Ballottés dans leur estime de soi, garçons et filles ont des comportements à risque extrêmement différenciés: souffrances et automutilations secrètes chez les filles, défi des autres et mise en scène de conduites à risque plus dangereuses chez les garçons. Les filles intériorisent « leur manque à être », faisant de leur corps une caisse de résonance de leur relation douloureuse au monde: maux de tête, nausées, dépressions, douleurs diffuses, pertes de conscience, spasmophilie, isolement, scarifications, ruminations suicidaires … Chez les garçons, les conduites prennent la forme d’une agression à l’encontre du monde extérieur sous le regard des autres dans une démonstration de sa virilité. L’acte traduit une souffrance mais l’incision est sublimée, magnifiée, détournée vers une signification sensée le valoriser. (LE BRETON, 2004)
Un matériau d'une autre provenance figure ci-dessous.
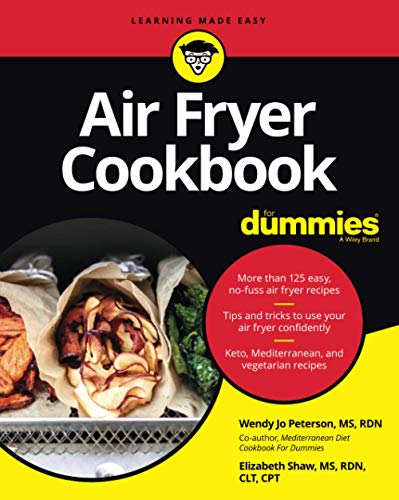 Air Fryer Cookbook For Dummies" book cover with food image and red accents.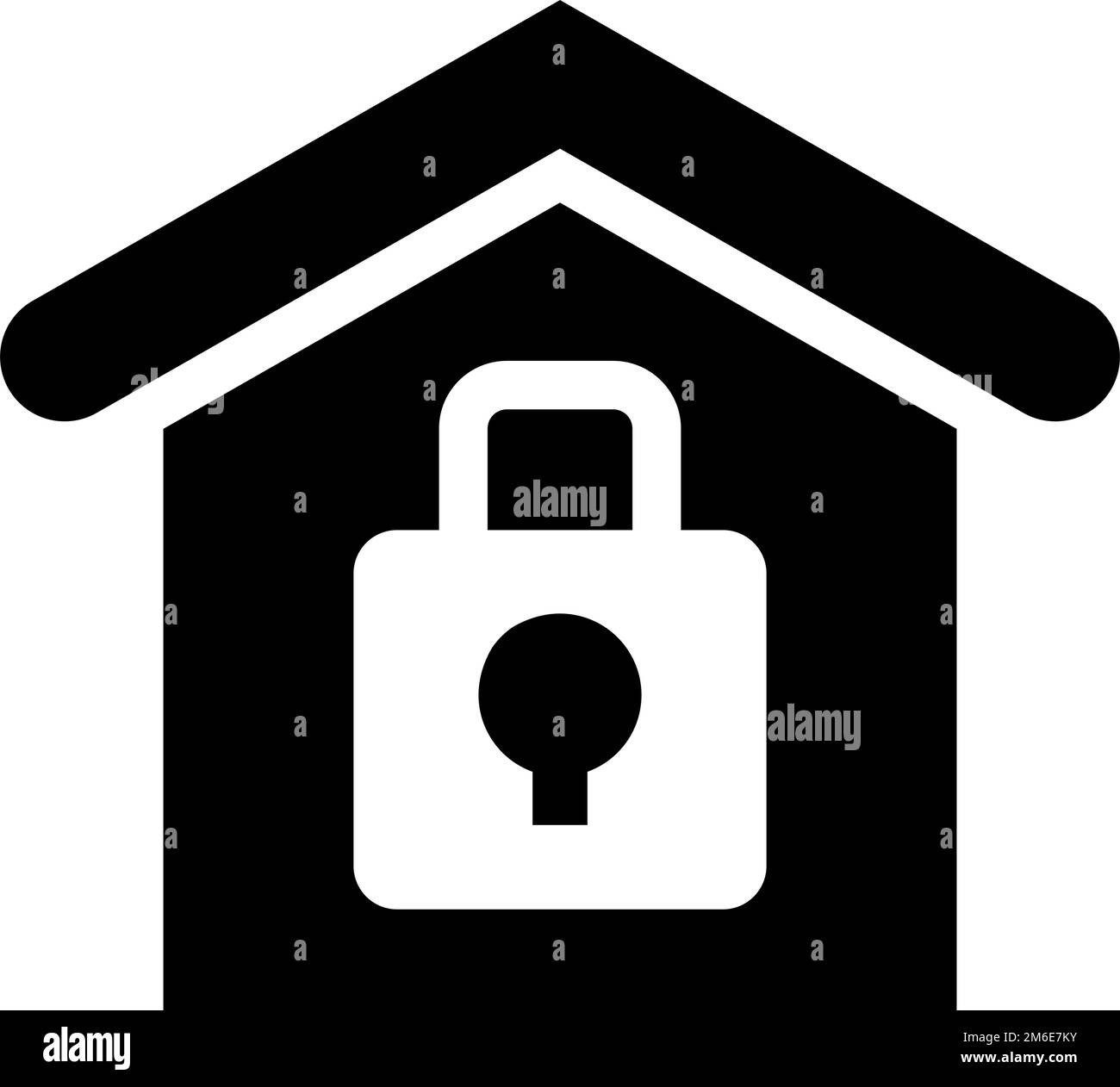 Home security icon. House and padlock icon. Editable vector. Stock Vector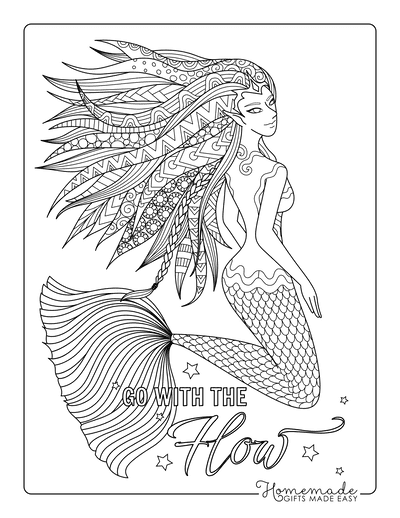 32 Elegant Mermaid Coloring Pages Adult Printable 27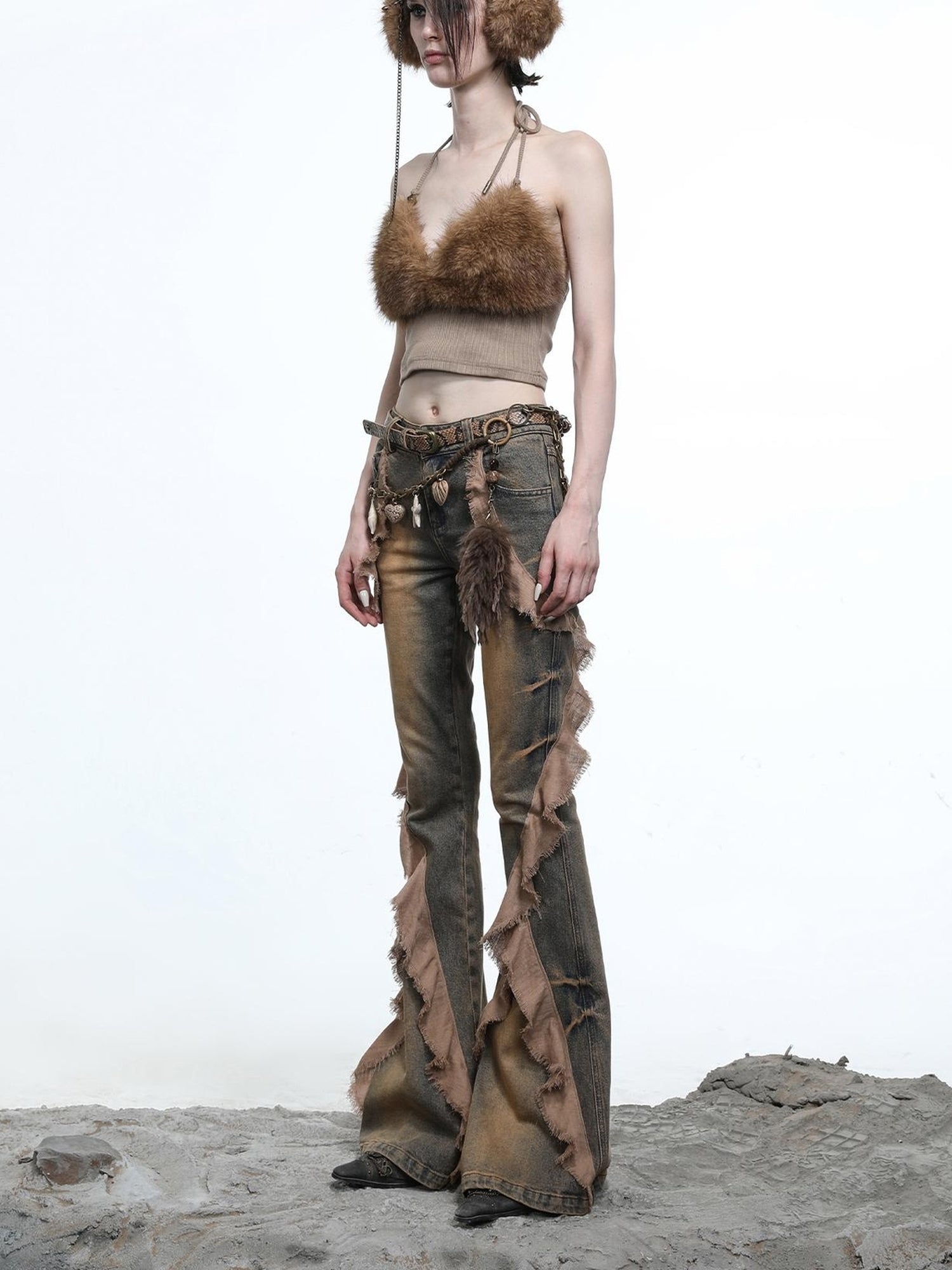 NN NORTH NODE Distressed Denim Flared Pants With Cape Detailing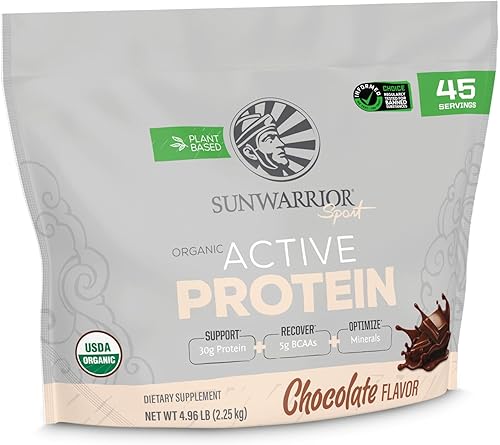 Sunwarrior Polvo de proteína vegana USDA Mezcla de proteína orgánica en polvo  A base de plantas BCAA sin azúcar, sin gluten, sin OMG, sin lácteos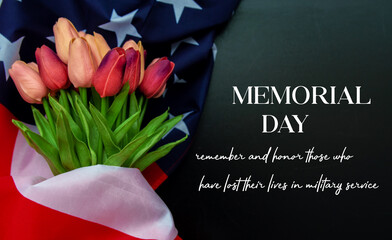 Wall Mural - American flag and a poppy flowers with Memorial Day Remember and Honor text background
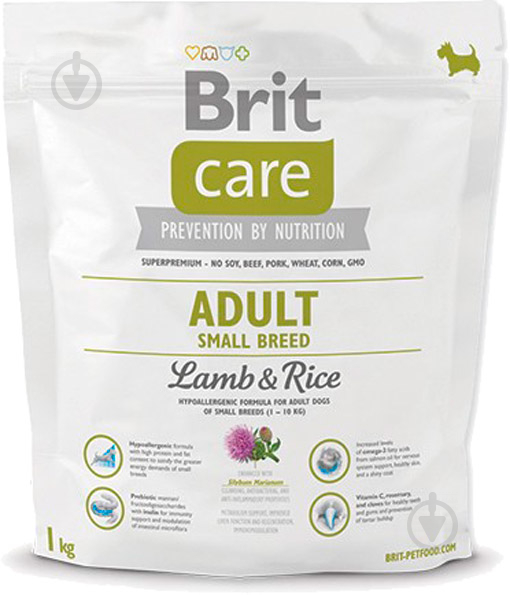 Корм для малих порід Brit Care Adult Small Breed для собак малих порід з ягнятиною та рисом, 1кг, 132708 1 кг - фото 1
Mais le trop d’estime de soi serait aussi dommageable que le contraire. Les phénomènes de racket, de violence et de criminalité seraient plus reliés à un problème d’estime de soi trop haute et irréaliste et à une incapacité à gérer ses pulsions, qu’à un manque d’estime de soi. En face de frustrations souvent irréalistes par rapport à leurs attentes, les personnes ayant une haute estime, seraient plus enclines à manifester des attitudes violentes qu’elles soient verbales ou physiques. Celles qui ont une estime de soi solide, réaliste et modérée, et qui croient réellement en leurs valeurs et en celles des autres, n’ont pas besoin d’utiliser la violence, pas plus que la dévalorisation. L’estime de soi, lorsqu’elle s’avère très faible ou très élevée, est source de difficultés et ne peut être constructive.